Fingerhakeln

Immer mehr Menschen setzen beim Schutz ihres Smartphones auf ihren Fingerabdruck. Dieser ist – und das wissen wir schon seit „Sherlock Holmes“ – einzigartig auf der Welt. Damit bietet sich der Fingerabdruck als Zugangskontrolle geradezu an. Im Vergleich zu einem Passwort hat er nämlich ein paar ganz entscheidende Vorteile. Man kann ihn nicht weitersagen, man kann ihn nicht auf ein Post-It schreiben und unter die Schreibtischunterlage legen, man kann ihn nie vergessen – und ein Fremder kann ihn nicht erraten. Selbst einen „schlechten“ Fingerabdruck kann niemand machen – beim Passwort geht das, ebenso bei einer PIN: 1234.

Der menschliche Körper hat mehrere solcher einzigartigen (biometrischen) Merkmale zu bieten. Unsere Herzfrequenz ist unverkennbar, ebenso die Iris in unserem Auge. Ein japanischer Automobilhersteller erkennt mit Drucksensoren, wer seinen Allerwertesten gerade in den Sitz wuchtet – um dann den Sitz automatisch in Position zu fahren. Kann Biometrie endlich das Problem der Passwörter in den Griff kriegen? Sie wissen schon, die, die so unmöglich kryptisch aussehen sollen, die man nur bei einem einzigen System verwenden darf, nie aufschreiben soll und die man alle drei Monate ändern muss. Warum stellen eigentlich nicht alle eine Zugangsmöglichkeit per Fingerabdruck zur Verfügung? Wäre das nicht DIE Lösung aller Passwortprobleme?

Nein. Denn unser Fingerabdruck hat eklatante Schwächen, was die Sicherheit angeht. Wie oft können Sie Ihr Passwort ändern? Jederzeit, so oft Sie wollen. Wie oft können Sie Ihren Finger wechseln? Sehen Sie. Wenn jemand Ihr Passwort errät, dann können Sie es wechseln. Selbst wenn ein Angreifer ALLE jemals von Ihnen genutzten Kennwörter kennt, vergeben Sie einfach ein neues. Hat aber ein Hacker Abdrücke (oder Fotos) von Ihren zehn Fingern … dann ist für Sie das Thema Fingerabdruckscanner erledigt.

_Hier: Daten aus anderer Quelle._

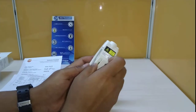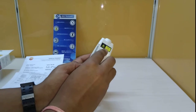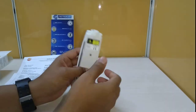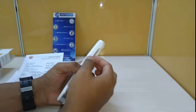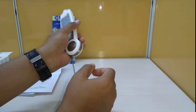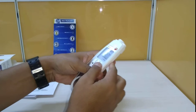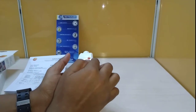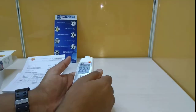This device uses two AAA size batteries. The applications are mostly in warehouses and food industries, where you can insert the probe directly into food to check its temperature, or use the infrared sensor for objects at a distance.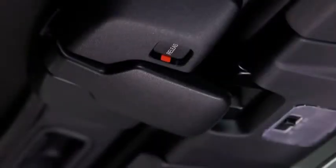If the red indicator is visible on the lock release button, the convertible top is not locked.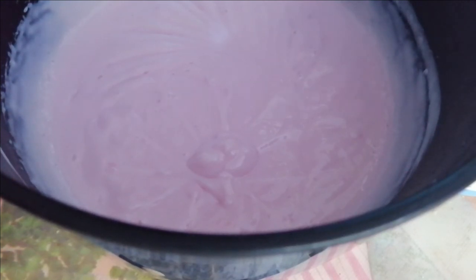I will put it in the freezer for 4 to 5 hours. Then we will put it in a blender jar and blend it out.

Und zwar für immer, für den Rest Ihres Lebens.

Um dieses Manko zu beheben, haben Forscher nun Tests gemacht und herausgefunden, dass man den Fingerabdruck-Scanner auch mit anderen Körperteilen nutzen kann. Der Ellenbogen geht zwar nicht, aber die Zehen funktionieren prächtig. Sind schon mal zehn weitere Möglichkeiten. Männer haben sogar noch drei weitere. Kein Scherz! Die Tester schafften es, einen Laptop mit den Hautlinien auf dem Penis und der Hoden zu schützen und auch wieder zu entsperren. Sind weitere drei Möglichkeiten. Hier muss man jedoch erwähnen, dass dann das Entsperren des Smartphones etwas gewöhnungsbedürftig ist – besonders morgens im Bus auf dem Weg in die Arbeit.

4 Kommentare zu “Fingerhakeln

  1. Es sollte auch nicht vergessen werden, dass die drei letztgenannten Maßnahmen einem veritablen Teil der Weltbevölkerung nicht zugänglich sind.

    Long Story Short: Biometrie funktioniert ausschließlich, wenn der Scanner unter Kontrolle der Einrichtung steht und möglichst keine Übertragung stattfindet, insb. da Biometrie aus der Ferne (vielleicht mit einem kleinen Fragezeichen bei Stimmerkennung) nicht gegen Replay-Angriffe geschützt werden kann. Bei einem (bewachten) RZ-Eingang mag es gehen, für Fernzugriffe sicher nicht.